At least 34 states make outright monetary grants of some sort to companies that locate or expand within these states’ borders. The most common type of grant reimburses companies for expenses incurred in training employees. Another type of grant, usually based on a formula, compensates companies when they meet employment-related criteria, such as employing a minimum number of individuals or paying a certain wage. This type of direct grant program is much less popular with business, however, partly because the benefit for meeting such criteria is usually handed out in the form of ex-post tax credits and exemptions instead of up-front payments.[12]
An increasingly popular form of a grant, both for business and government, and perhaps the most wasteful, is the discretionary deal-closing fund. Discretion is usually exercised by a state’s governor or an individual or committee appointed by the governor. These funds are often handed out using an undefined and nontransparent process, and for often undisclosed purposes, to large corporations to induce them to locate facilities within a state. Twenty-two states have deal-closing funds.[13] The aforementioned Texas Enterprise Fund is one example of these types of programs.
Deal-closing funds are especially damaging because of the likelihood that grants will be handed out purely on the basis of political influence rather than on any objective criteria, even when seemingly objective criteria are specified in law. All grants, like any corporate welfare, are potentially economically distortive, but discretionary grants are especially so as they substitute arbitrary and political decision-making for market forces, enriching a few at the expense of many. The costs of these economic distortions exceed the apparent taxpayer expense of these grants. States’ grant programs vary in their eligibility requirements, but when the supply of funding is exceeded by demand, discretion must be exercised; it is not likely to be entirely objective, nor are the requirements that might be written into law.
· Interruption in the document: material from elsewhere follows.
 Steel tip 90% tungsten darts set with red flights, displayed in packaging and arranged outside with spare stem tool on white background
Professional sports are also often singled out for subsidy, more often at the local level. The subsidies are largely aimed at stadiums, which are often financed in part by bonds that are partly paid by local taxes. The share of financing varies from project to project and examples are too numerous to list here, but most professional sports forums have at least some share of public funding, which amounts to an outright grant of wealth to the owners of professional sports franchises.
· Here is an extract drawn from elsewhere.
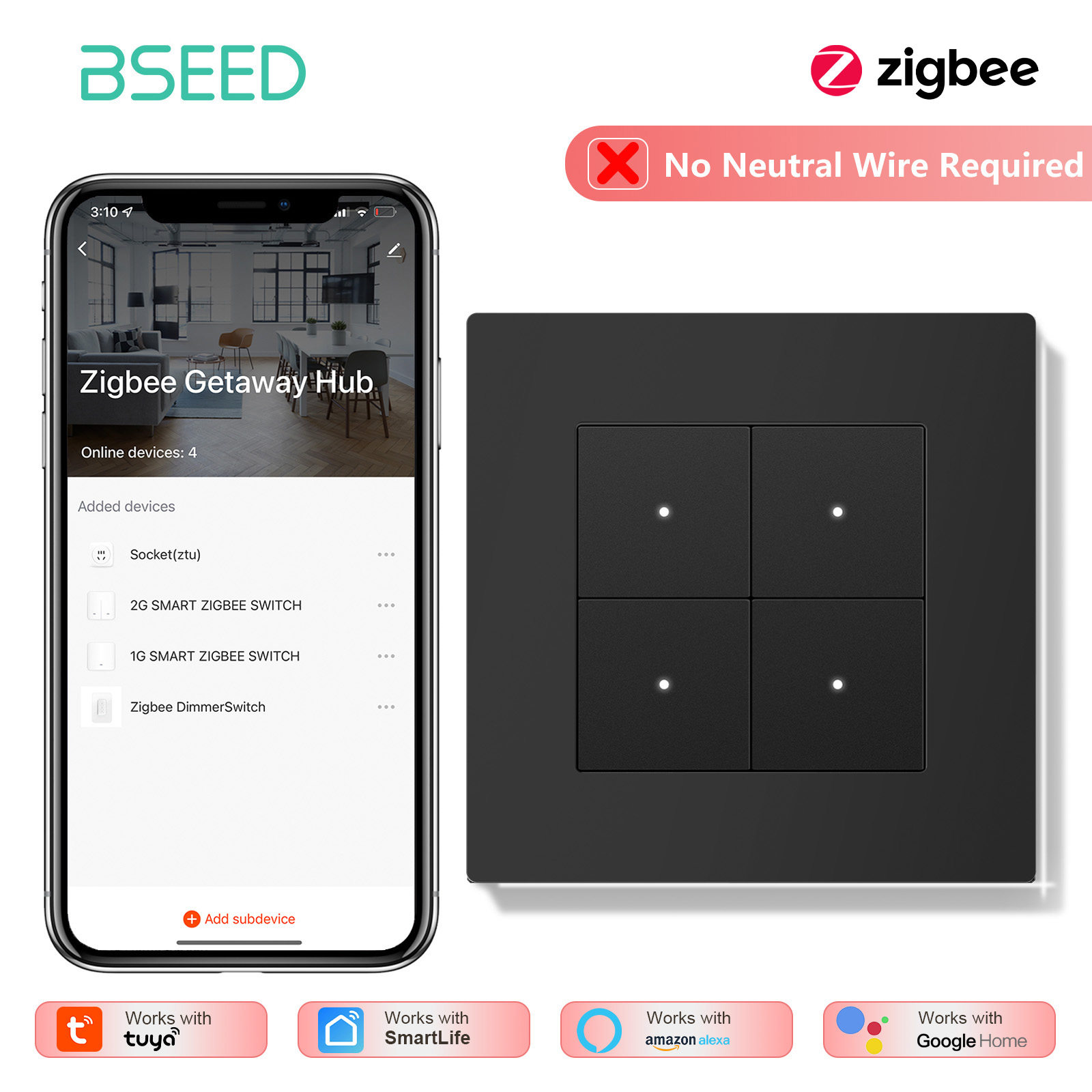 BSEED Interruptor de Luz Intel - Tuya 4 Channel avaliação e preço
There are other corporate welfare grant funds that are often overlooked, such as by the New York Times in its catalog of these programs. For example, Arizona has a Biomedical Research Commission, with its own dedicated revenue source. It funds research by private corporations in addition to that by academic and nonprofit institutions.[14] Maine and Florida have similar funds.[15] Oklahoma directs some tobacco settlement funds to health research through its Tobacco Settlement Endowment Trust.[16] Texas funds cancer research through the Cancer Prevention & Research Institute.[17]
Michigan operated a number of business plan competitions that handed out grants and loans to winners.[18] These examples are in addition to the many millions states spend indirectly on research that benefits various industries and specific companies by funding universities.